The SPEAK theme house at Southern Nazarene University has partnered with 18 year old freshman Jasmine Abraham to host the first Stop the Traffic Fashion Show in Herrick Auditorium on March 27th at 7:00 p.m.
This fashion show will bring awareness to sexual exploitation through the spring selections of clothing for men, women and children. Along with this event, there will be entertainment, refreshments and prizes. All you have to do is pay ten dollars online or at the door!
I had the privilege of interviewing Jasmine Abraham, as well as those who are participating in this event. As I interviewed Abraham, I asked her more about her involvement with the anti-human trafficking movement. Abraham started out by telling me that she first found out about human trafficking in November of 2011, and since then, she has been working to spread awareness and raise money for different organizations that combat trafficking.
Last year, Abraham held the Stop The Traffic benefit concert at her high school for two anti-human trafficking organizations: No Boundaries International and Beautiful Dream Society.
This year, she wanted to try something “a bit different.” All proceeds made at the Stop The Traffic Fashion Show will benefit She’s Somebody’s Daughter, an organization that confronts sexual exploitation at all levels.

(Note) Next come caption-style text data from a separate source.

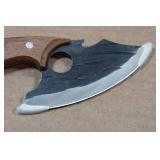 Rolled Carbon Steel Finger Hole Hunting Knife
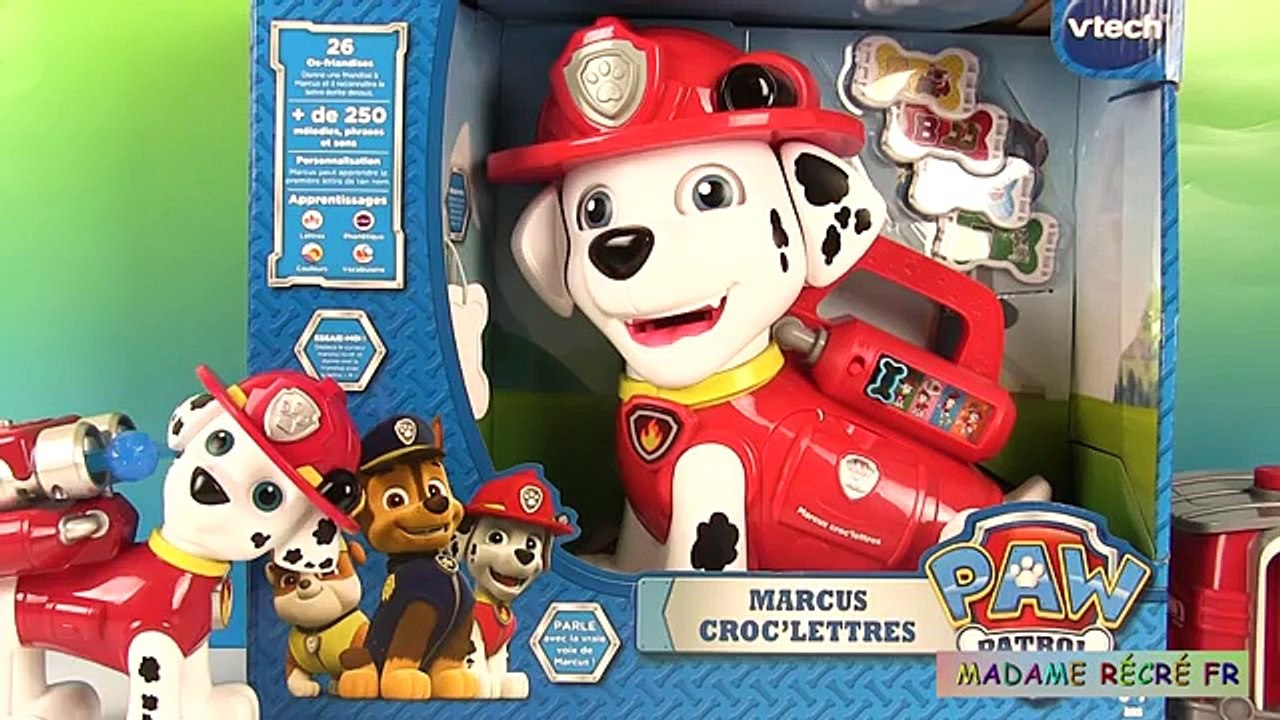 Pat Patrouille Marcus Croc Lettres Apprendre lAlphabet et les Couleurs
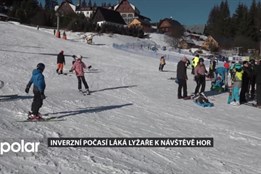 Jeseníky jsou v obležení. Hory díky inverzi a bohaté sněhové nadílce lákají lyžaře, běžkaře i turisty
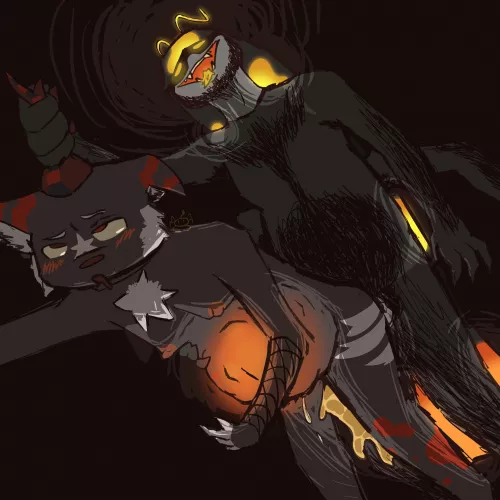 [H/M] belly bulging full of eggs (crabexplosion)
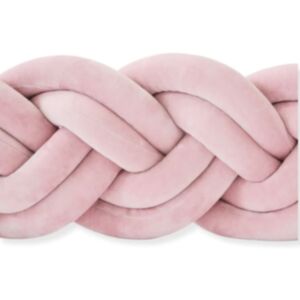 Puffi® Obroba za posteljico kitka dvojna velvet, Powder pink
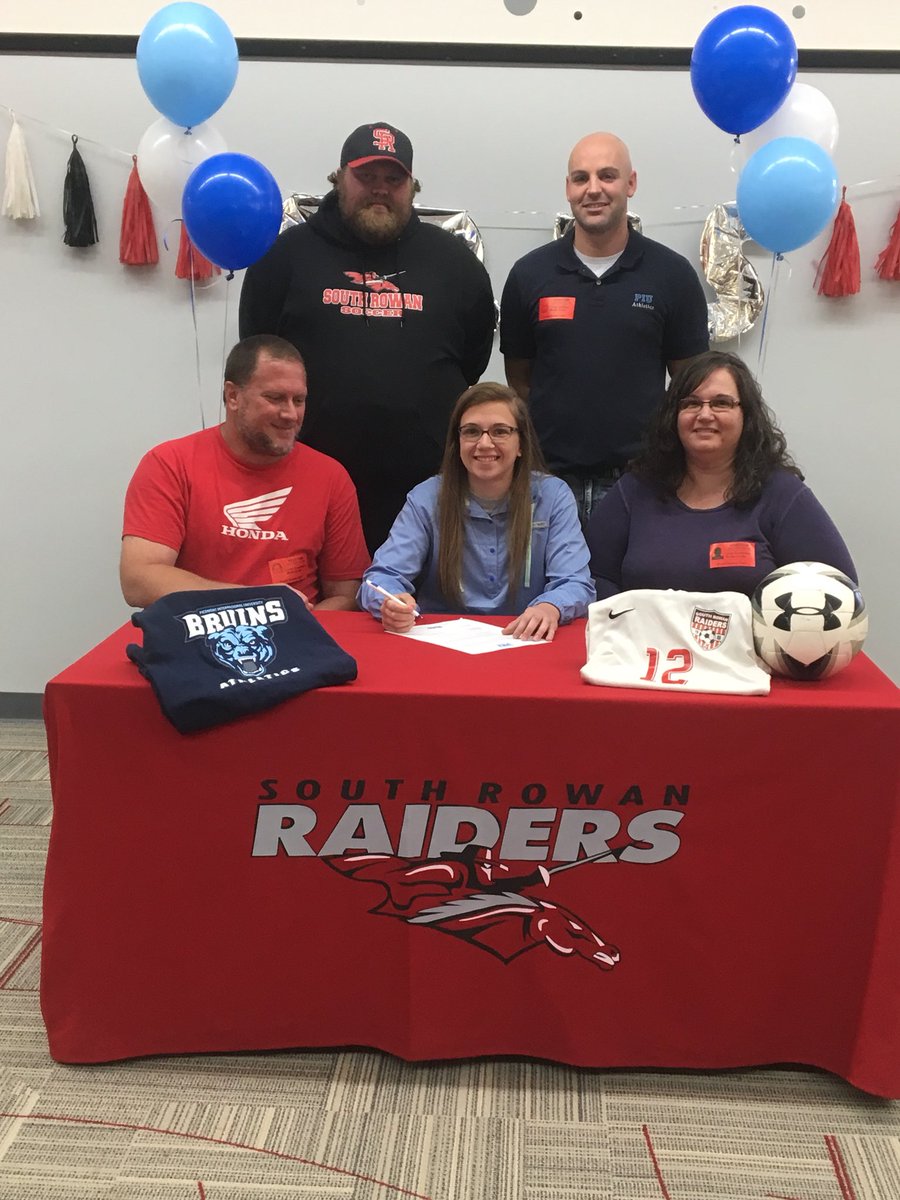 srraidersoccer's tweet photo. Our third member of the Class of 2018 signing today. Congrats to Katelyn Goodman on committing to continue her soccer career at Piedmont International University. @KatelynAmanda5 https://t.co/fIrPWLWILC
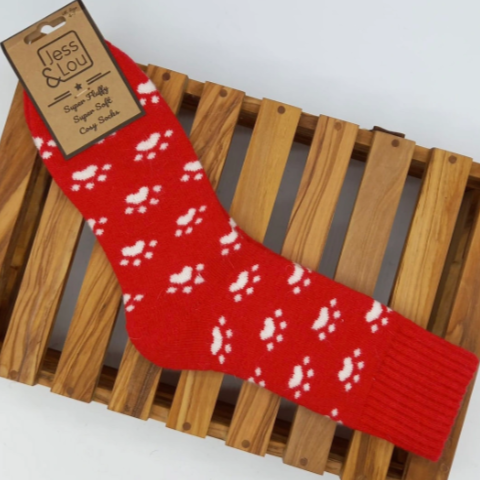 Pouncing Paw Ribbed Socks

Abraham also mentioned that many people have asked her why SPEAK is hosting a fashion show, since most people associate fashion shows as just another way to “exploit women.” Jasmine’s response to this was that, “when people come to Stop The Traffic, we want them to see that fashion can convey beauty without exploiting men and women. It can show beauty through expression of personality and individualism instead of skin.”
“Beyond the fabric and textures, we want to use fashion to showcase that beauty can rise from ashes, because everyone has a story to tell,” said Abraham. “We want to showcase these stories through the fashion show. Usually when we see a model for a magazine or runway, we don’t think about the person behind the clothes. We think about the outfit. With Stop The Traffic, we want to emphasize that the person modeling the clothing is more important.”
On the topic of how being a model can contribute to the hope for those who are being trafficked, Rebekah Jeong, junior, said, “usually with models, models are looked at as objects of desire rather than being looked at as humans. This is a representation of how victims of human trafficking are looked as, and with these models at SNU walking the runway, we want to point out that instead of looking at models as objects, that we can look at them with love and compassion. These models walking the runway are symbolizing that we will not look at these victims as objects, but as our brothers and sisters.”
I hope that everyone comes out to support these young women in their endeavor to stop the traffic that has put young women at a standstill for hope and freedom.